Eu me lembrei da história que o papai contou hoje. Fiquei imaginando na minha cabeça o pai de Lucas, George, pedindo ao meu pai que cuidasse de Lucas e de Clarisse. Eu imagino que mamãe não saiba dessa história, é até melhor ela não saber mesmo.


Depois me lembrei do meu sonho.


Eu não lembrava muito bem dele.


Mas eu sabia que foi um sonho, não um pesadelo.


Eu voltei a música preferida de Lucas umas quatro vezes, mas aí o meu MP4 ameaçou descarregar.


Só deu tempo de escutar a música mais uma vez.


Agora não tinha mais nada pra fazer. Pela primeira vez eu fiquei triste por não ter atividade de casa pra fazer.

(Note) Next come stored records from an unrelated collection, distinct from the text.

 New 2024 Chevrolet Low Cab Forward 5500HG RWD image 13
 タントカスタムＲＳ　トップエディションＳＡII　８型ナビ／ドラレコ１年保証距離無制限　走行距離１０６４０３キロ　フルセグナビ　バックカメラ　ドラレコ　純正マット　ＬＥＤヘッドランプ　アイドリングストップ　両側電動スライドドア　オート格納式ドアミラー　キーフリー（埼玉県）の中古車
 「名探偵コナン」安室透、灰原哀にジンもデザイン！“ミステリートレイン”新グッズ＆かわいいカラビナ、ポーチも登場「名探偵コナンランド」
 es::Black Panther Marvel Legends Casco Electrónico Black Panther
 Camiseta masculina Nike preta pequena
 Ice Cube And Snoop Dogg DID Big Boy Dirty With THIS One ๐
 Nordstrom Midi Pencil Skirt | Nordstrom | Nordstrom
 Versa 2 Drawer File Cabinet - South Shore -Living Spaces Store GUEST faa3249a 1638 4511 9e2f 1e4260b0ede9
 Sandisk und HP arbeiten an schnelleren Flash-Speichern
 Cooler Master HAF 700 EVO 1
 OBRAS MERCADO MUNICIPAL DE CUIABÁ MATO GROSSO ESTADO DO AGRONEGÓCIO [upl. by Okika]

Eu não queria entrar na internet nem assistir TV, doía ver notícias sobre Lucas em todos os lugares, todos dizendo a mesma coisa “o quadro de saúde dele é grave”.

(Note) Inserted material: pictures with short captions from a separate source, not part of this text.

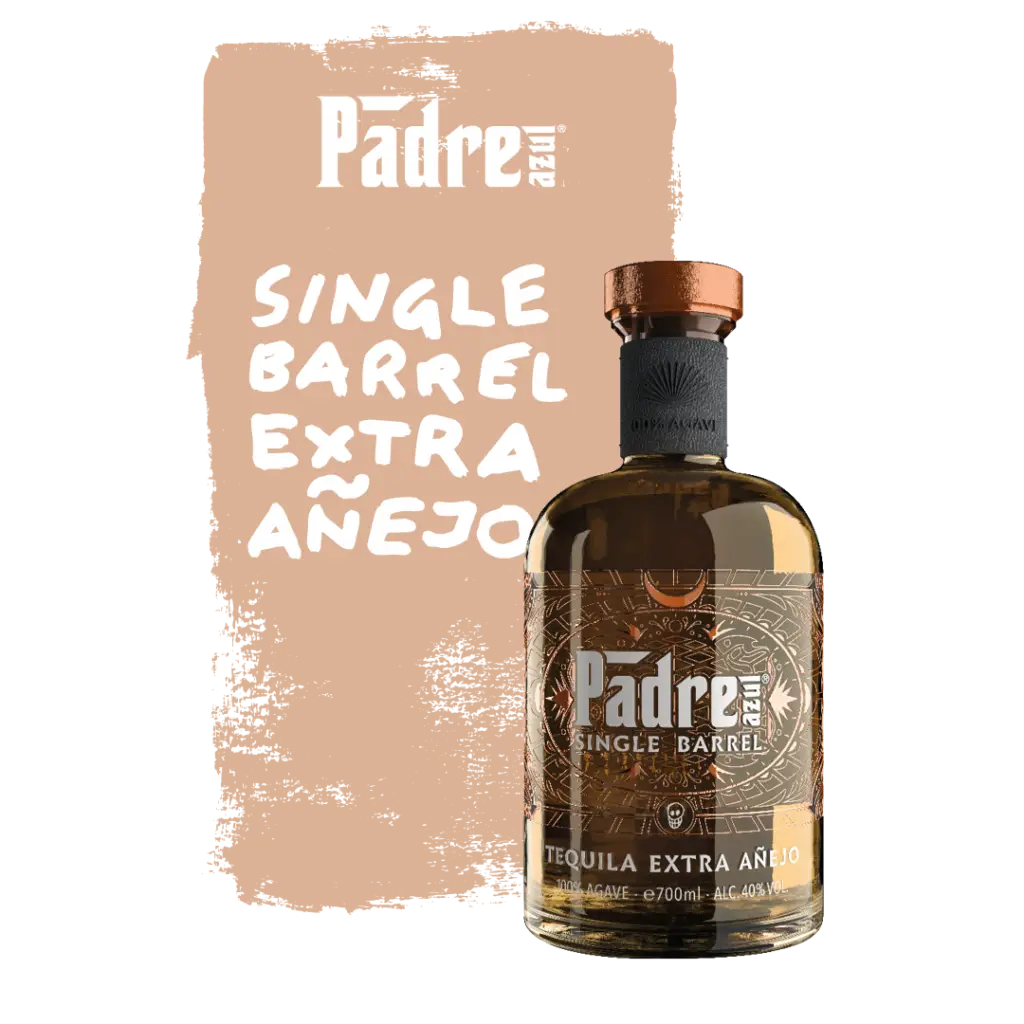 Padre Azul Tequila Extra Anejo Single Barrel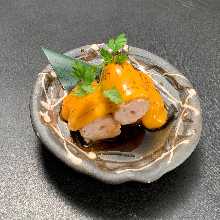 奶酪肉丸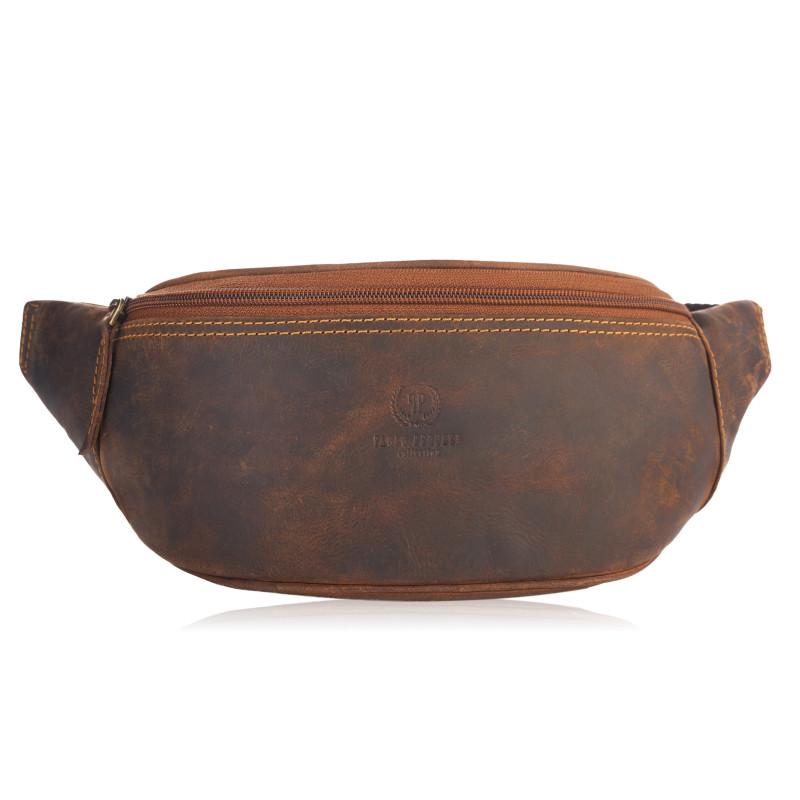 Modne saszetki męskie jako element stylizacji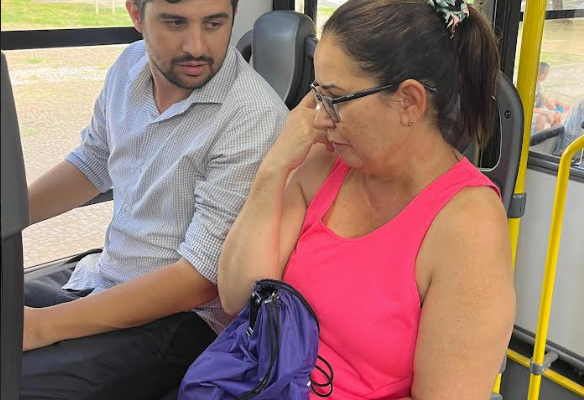 Bruno-Onibus Sta.Felicia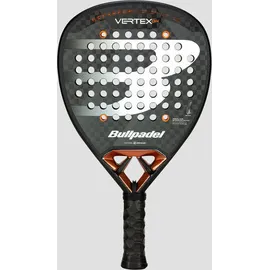 Bullpadel Vertex 04 Padelschläger 2025 - schwarz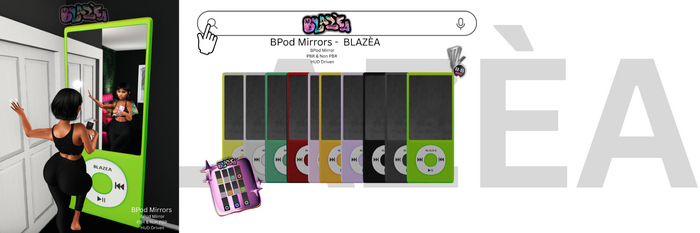 B. Bpod Mirror Unpacker - Pink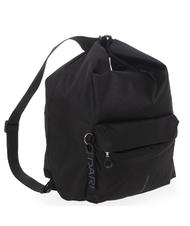 MANDARINA DUCK MD20 In einen Rucksack umwandelbare Tasche SCHWARZ - Damentaschen - 2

Eu olhei no relógio com esperanças de que fosse tarde, mas agora que tinha acabado de dar 19:30h. E eu não tinha um pingo de sono.


Eu resolvi ir lavar os pratos, coisa que eu nunca fiz, já que aqui em casa tem quatro empregadas. Elas me olharam atravessado quando eu pedi pra ajudá-las. Mas, no fim, concordaram.


Eu me diverti lavando os pratos. As empregadas me contaram histórias. Falaram dos filhos, do marido, da antiga cidade onde moravam. Eu acabei esquecendo que Lucas estava entre a vida e a morte.


Se eu soubesse que as empregadas da minha casa eram tão legais, já teria conversado com elas antes.


Quando eu olhei novamente o relógio já ia dar 22h00minh da noite, e eu tinha ficado cansada de tanto lavar pratos, foi bom porque eu acabei sentido sono.


Eu me despedi das empregadas e fui dormir.